Opportunities to blush do not stop at the classroom door. Travelling to school by bicycle is an endless source of crisis. Usually I try to arrive early, yet there always seems to be a pupil lurking to witness a personal predicament.
Once, after being cut up by White Van Man, I let out a stream of expletives, only to hear a voice say primly: "You told us not to use slang to express ourselves, Miss."
But it is those off-duty moments that can be the most dangerous, such as the end-of-term faculty social. On one occasion Miss M and I, having rendezvoused at the station, were laughing raucously when we spotted a group of children waving at us.

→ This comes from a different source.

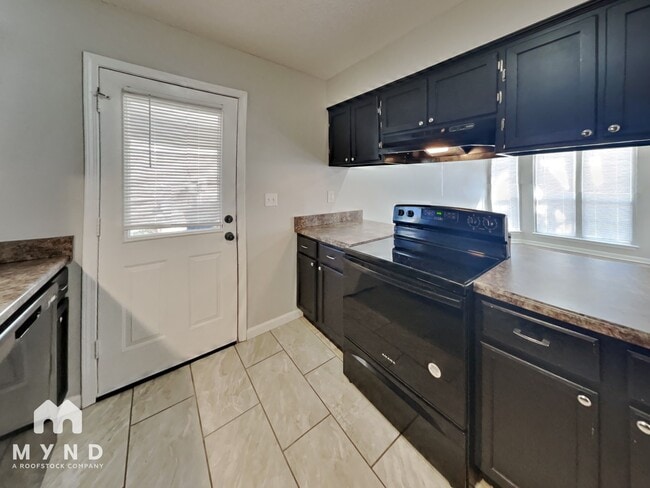 Photo - 3422 Laurelwood Dr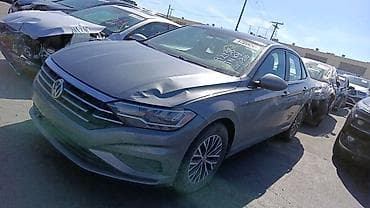 Volkswagen Jetta: 1.4 l | 2019 il Sedan — 7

Dressed in festive glitter with too high heels and skirts too short, we stared disbelievingly as they approached. To add to the humiliation, they were with their parents.
It is hard to look professional with musical reindeer antlers bobbing on your head but we gave it our best shot. Coming home the gods conspired against us yet again as we fell off the pavement while hailing a cab.
"Awright then, Miss?" emerged from the shadows like silent paparazzi.
Those celebrities who court fame and then complain about their privacy being invaded should try teaching sometimes.